La réforme ce classique si délicat à éxécuter
Paru sous le titre : Réformes : comment passer des intentions à l’action dans Les Echos n° 21493 du 05 Aout 2013 • page 8
La littérature sur la réforme (ou le changement dans le jargon managérial), bien qu’abondante, semble peu appliquée. Pourtant, les consultants comme les sociologues convergent sur les recommandations, sur la recette à suivre. Quelques observations de terrain conduisent à penser que cette recette, pour bien connue qu’elle soit, n’en reste pas moins ardue à réaliser, d’où sa faible mise en pratique. A un moment où la réforme est d’actualité dans notre pays, que ce soit pour l’Etat, les banques ou le système de santé, il reste étonnant que la fréquence d’emploi du mot aille de pair avec tant de méconnaissances sur les difficultés à l’oeuvre.
Etablir un réel dialogue
Le dialogue pourrait constituer le fondement de cette recette. Or, lorsqu’il s’instaure, il relie principalement la direction à la base, court-circuitant l’ossature quotidienne de l’organisation. Pourtant l’observation montre que tous les acteurs, les managers intermédiaires comme les autres, ont besoin d’échanges pour élaborer leur nouvelle manière de travailler induite par la réforme. Personne n’imagine un instant ces acteurs réinventant leur travail collectif de manière solitaire et instantanée. Or, pour arriver à dialoguer sur ces questions d’organisation concrète du travail, un obstacle se dresse en chemin : la courbe de deuil, aussi célèbre dans sa théorie que difficile dans sa pratique. En effet, qui envisage de gaieté de coeur d’affronter les grognes, les colères ou encore les grèves ? Cet obstacle à établir un dialogue réel rend les détails concrets de la recette ardus à pratiquer pour des dirigeants : continuer à clarifier le sens donné à la réforme, à donner l’exemple, à mobiliser les éléments moteurs de l’organisation lorsque toutes les résistances se déchaînent n’est pas une sinécure…
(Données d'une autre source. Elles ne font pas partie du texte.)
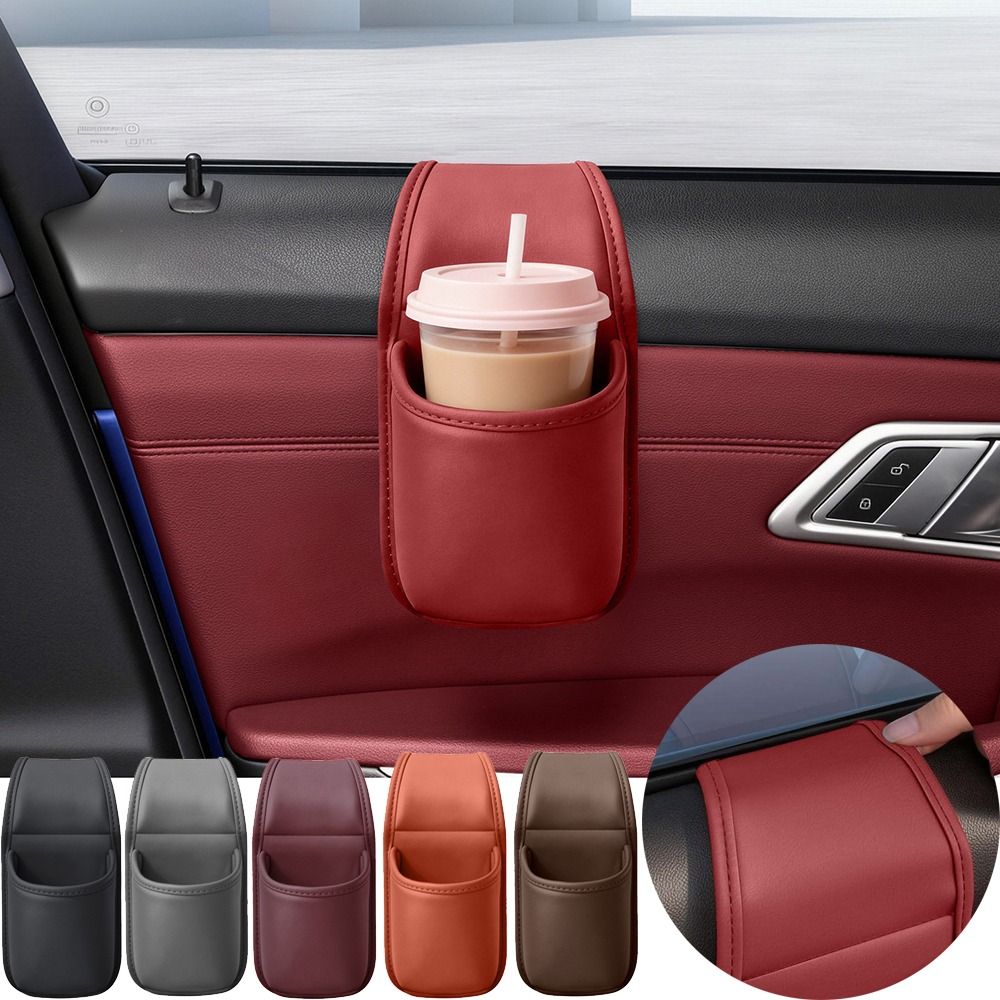 PU Leather Car Cup Holder Multifunctional Car Drink Rack Universal Car Storage Box Seat Back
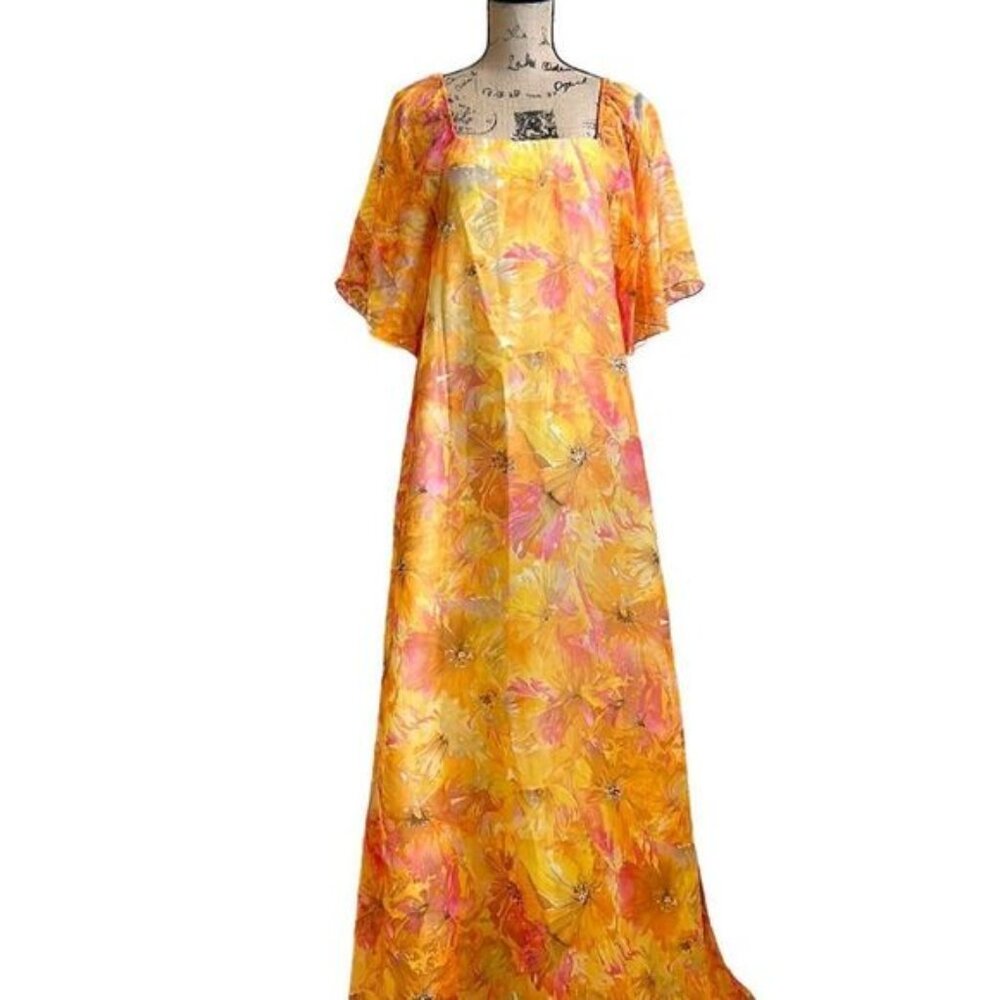 Mildred’s Of Hawaii Vintage Rare Stunning Floral Chiffon Maxi Dress size 10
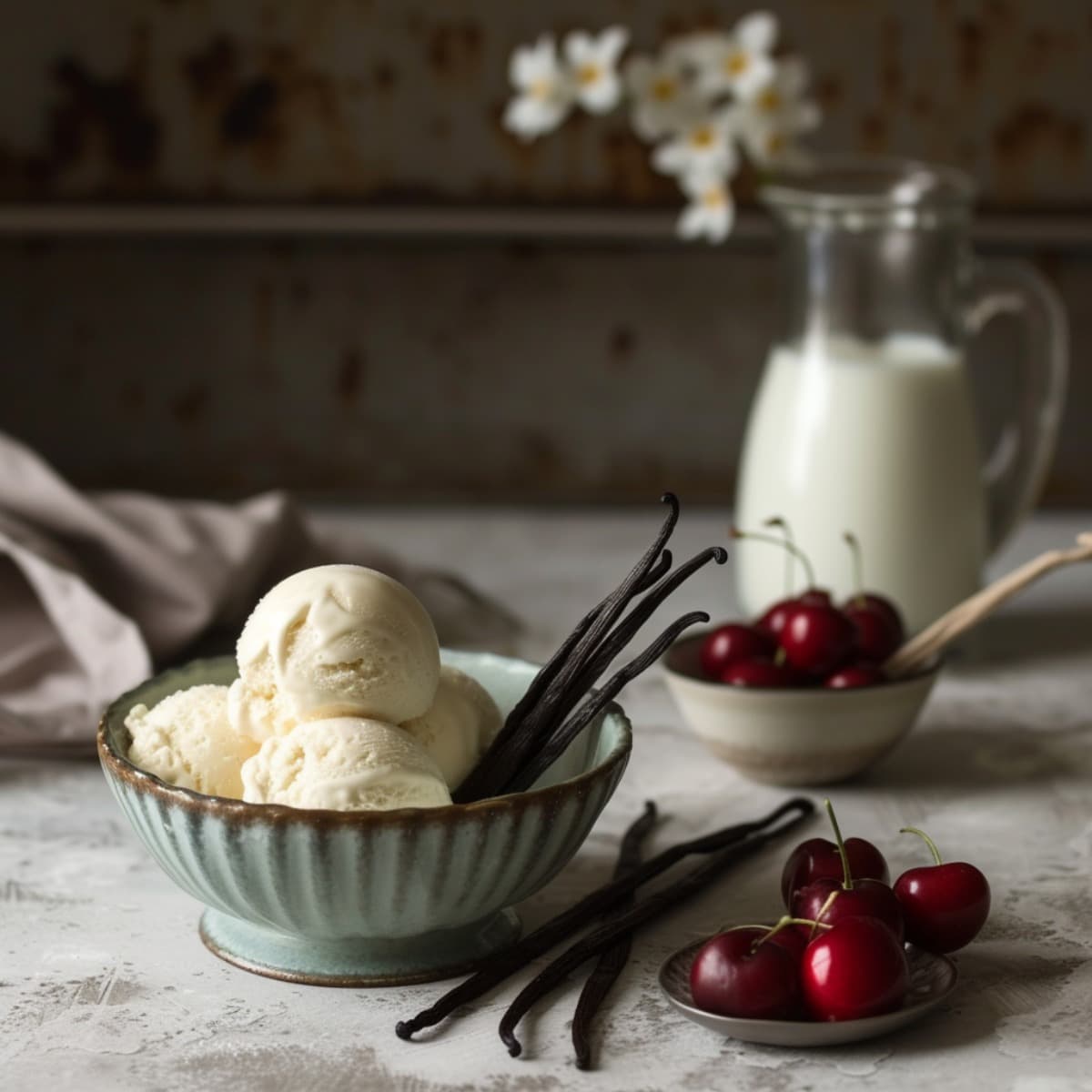 Vanilla Milkshake Ingredients: Vanilla Ice Cream, Milk, Vanilla Beans, Cherries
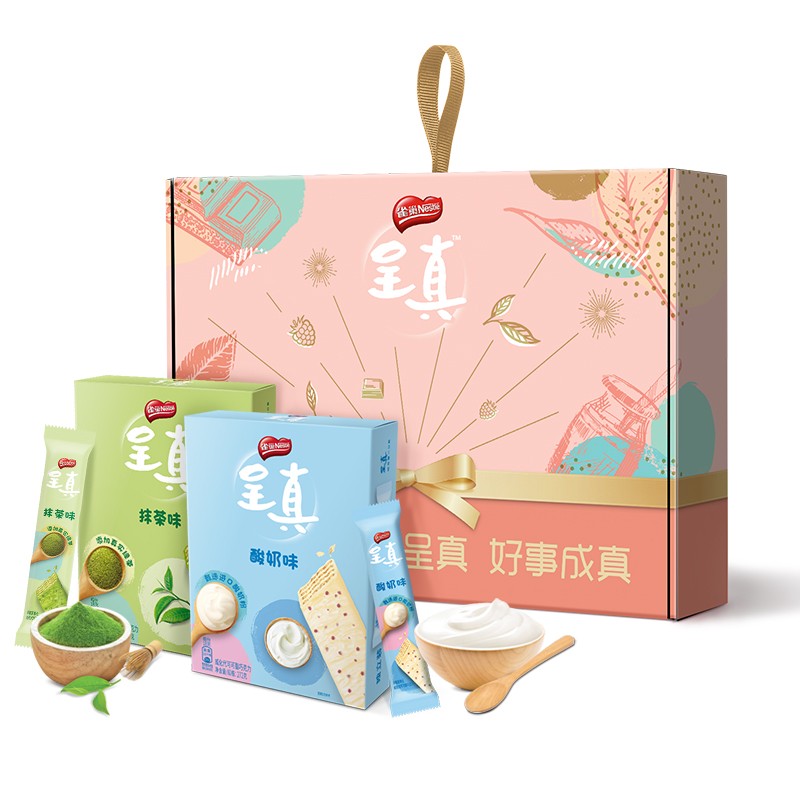 雀巢(Nestle)呈真仙气威化 抹茶酸奶礼盒装544g零食礼包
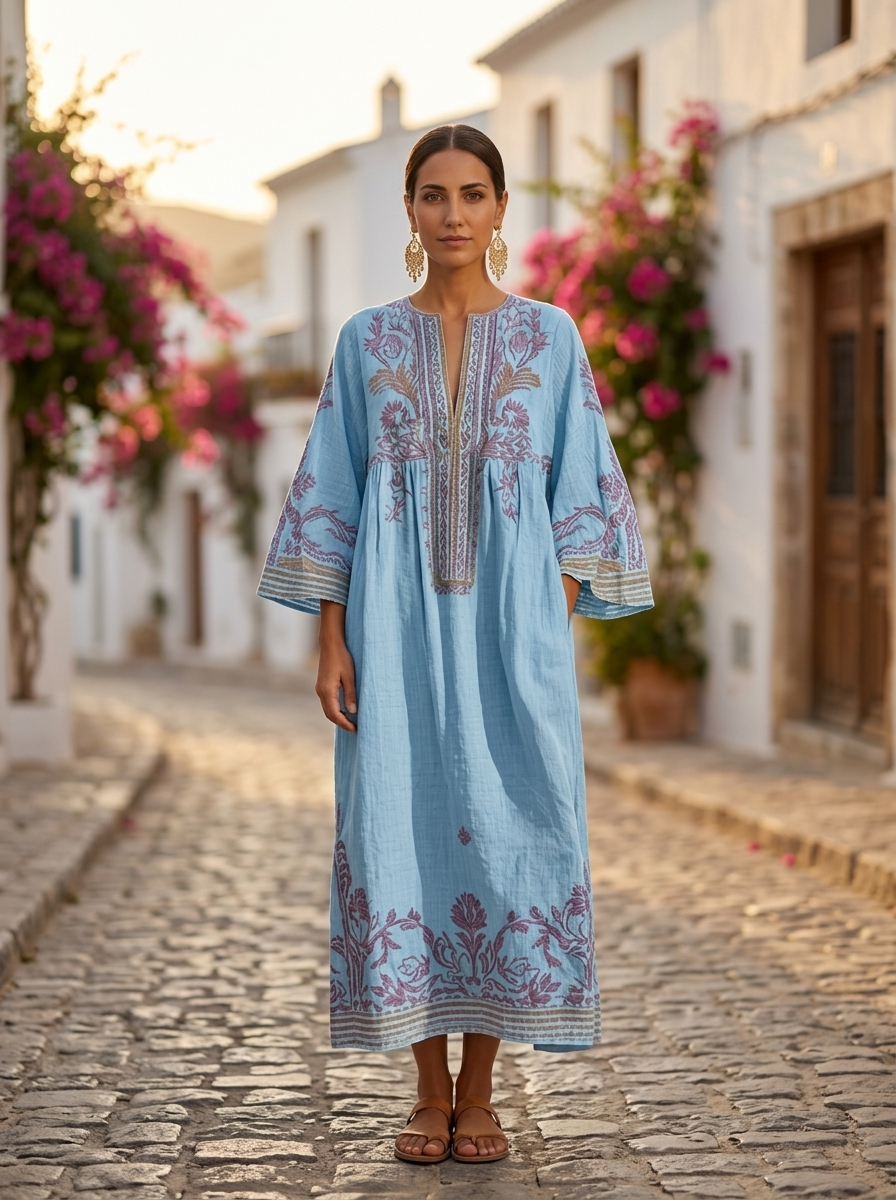 Celestina, vestido boho bordado azul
Grâce à ces observations il apparaît que la « résistance » au changement se joue à plusieurs niveaux. Dans la difficulté à écouter, comme dans celle à accepter; les exemples foisonnent où l’absurdité des décisions nourrit la douleur de l’ajustement. Ces situations peuvent avoir des conséquences dramatiques (pudiquement appelées « risques psychosociaux »), tant pour les personnes que pour la bonne fin de la réforme. En « écoutant », les dirigeants gagnent une prise en compte plus réaliste de l’organisation et donc de meilleures chances de succès. Au prix, il est vrai, de nouveaux problèmes à résoudre; en dialoguant, l’organisation favorise une évolution profonde des mentalités, et ainsi une pacification des relations; en contrepartie, parallèlement, de certains renoncements.
A cette base de dialogue, s’ajoute un autre ingrédient : permettre, pour parler simplement, que chacun habite la responsabilité qui lui revient. Malheureusement, dans la sphère publique, la dichotomie entre la décision (politique) et la mise en oeuvre (administrative) empêche une grande partie des ajustements que permet le dialogue quand il a lieu dans une organisation où ces deux fonctions sont réunies. A l’heure où réformer n’a jamais été aussi nécessaire à notre pays, la manière de répartir, chacun à sa juste place, les responsabilités des réformes entre décisions politiques et réalisation pratique, reste largement à inventer.
Enfin, pour assaisonner le tout, le petit « plus » des grands chefs : une bonne dose d’estime mutuelle, qui augmente grandement les chances de succès. L’exécution de ce grand classique de la conduite des organisations constitue bien un art délicat.